Over time, applying long-term fixes to the causes of your alerts will make your service more resilient, and make your team's time on-call a lot less stressful.
Google make this possible for their own SRE's by blocking them from spending more than 50% of their time on operational work:
We cap the amount of time SREs spend on purely operational work at 50%; at minimum, 50% of an SRE’s time should be allocated to engineering projects that further scale the impact of the team through automation, in addition to improving the service. — Google's SRE Book
In order to help drive the continuous improvement aspect of on-call, it helps to have an engineer on secondary on-call.
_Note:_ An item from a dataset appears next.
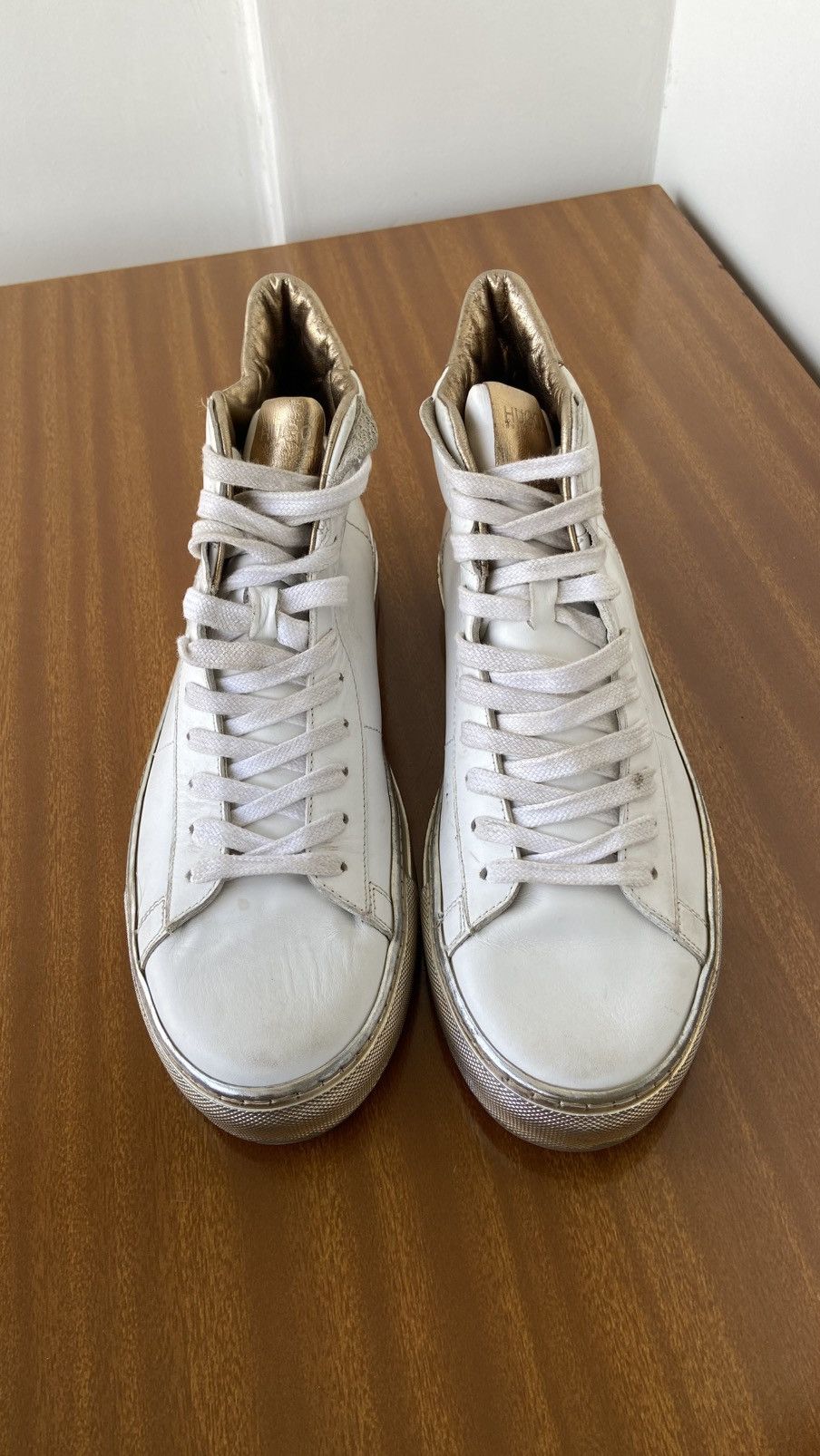 Hugo Boss Hugo Boss Size US 10 / EU 43 - 15 Thumbnail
While the primary on-call engineer answers pages at any time of the day for a week, the secondary on-call engineer's main job is to make the primary on-call engineer's life easier. They can assist primary with investigations when a particularly bad incident occurs, but their main focus should be improving service reliability (by improving the codebase) and generally ensuring primary doesn't get paged each week for the same reason.
While in the past we've had secondary on-call for only one week at a time, we found that due to ramp up time, a month of secondary on-call worked better.
As secondary on-call doesn't answer pages overnight, you can typically assign newer engineers to the role so they get familiar with your team's documentation and runbooks, and can help improve them further.
You should hold a meeting to handover on-call responsibilities between engineers as one shift ends and another begins. We typically hold these in the middle of the week, as most major issues for the week typically surface by then.
In the meeting, the engineer whose on-call shift is ending talks through the alerts that were fired, whether they were resolved, or if they still require attention.
Let anyone on your team attend these meetings (particularly new employees), as it helps them get familiar with the service that they'll eventually be on-call for.
I wrote this article from the perspective of an employee of a large tech company (thousands of engineers), which implemented Google's SRE book while being aware of our own needs.
In our case, we have our regular software engineers that build the service also handle on-call for it.
Be aware that blindly implementing the recommendations provided here will not automatically make your company successful. Large tech companies adopt these practices as a means of managing their success - not because these practices alone make them successful.
That being said, if your on-call staff are constantly fighting fires, or the on-call experience isn't generally improving week to week, hopefully some of these recommendations will help.